→ Exercise aim:
The required output is the exact run of lines in the listing below from the line holding "Настольный письменный набор" through the line holding "Old Map of Rio", with no pictures.

→ Given records:
--------------------------------
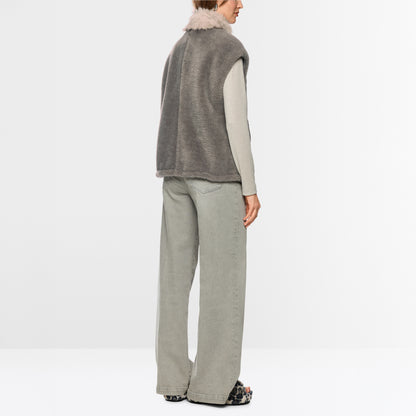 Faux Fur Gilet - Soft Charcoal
--------------------------------
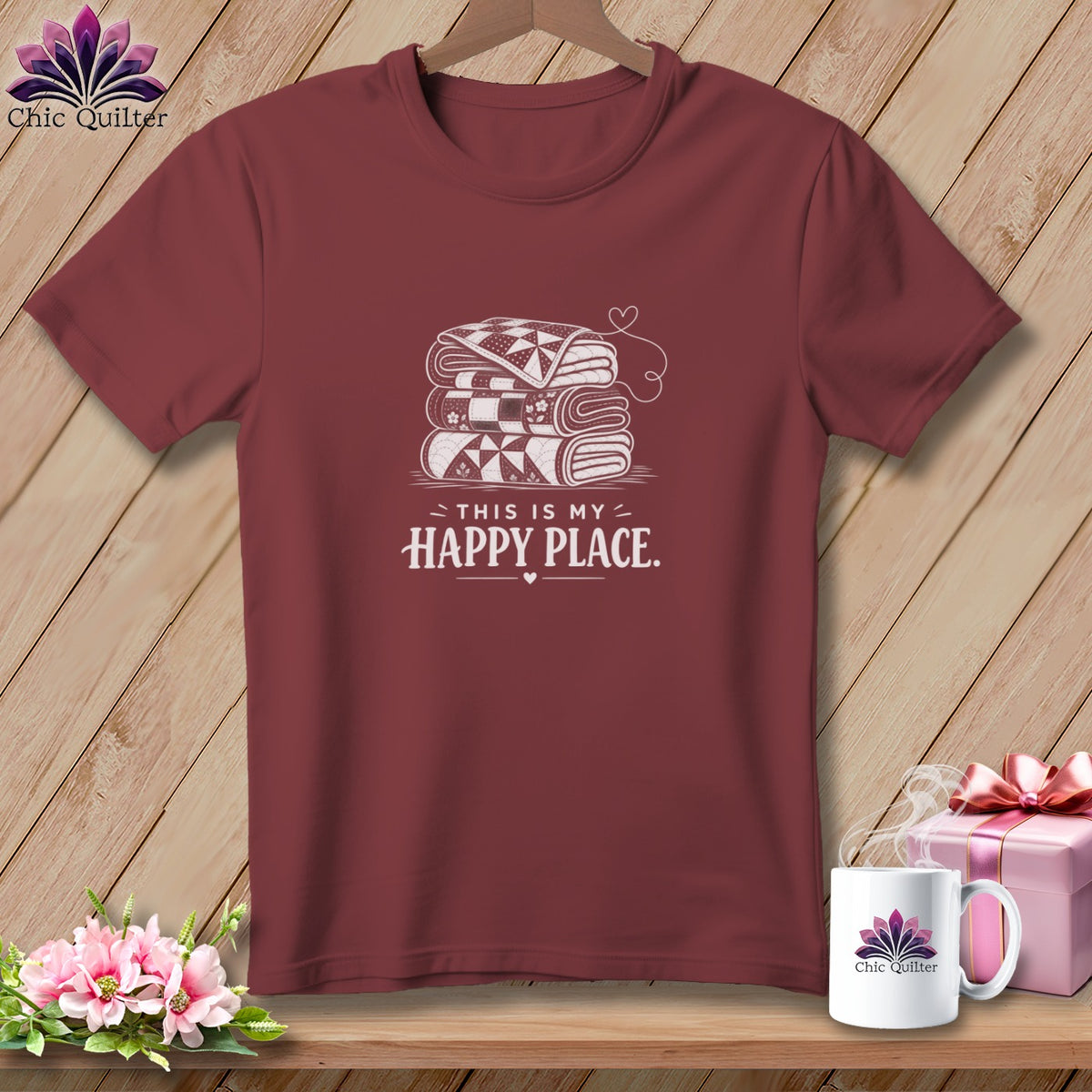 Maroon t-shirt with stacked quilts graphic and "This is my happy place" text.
--------------------------------
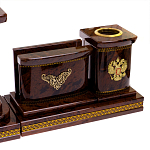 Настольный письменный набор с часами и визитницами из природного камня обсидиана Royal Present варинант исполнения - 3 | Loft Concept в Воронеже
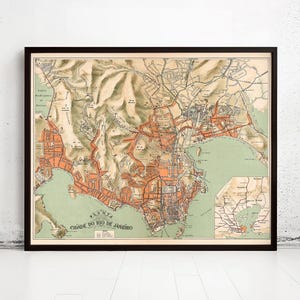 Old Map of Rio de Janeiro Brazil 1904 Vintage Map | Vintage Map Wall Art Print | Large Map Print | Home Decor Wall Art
--------------------------------
→ Solution:
 Настольный письменный набор с часами и визитницами из природного камня обсидиана Royal Present варинант исполнения - 3 | Loft Concept в Воронеже
 Old Map of Rio de Janeiro Brazil 1904 Vintage Map | Vintage Map Wall Art Print | Large Map Print | Home Decor Wall Art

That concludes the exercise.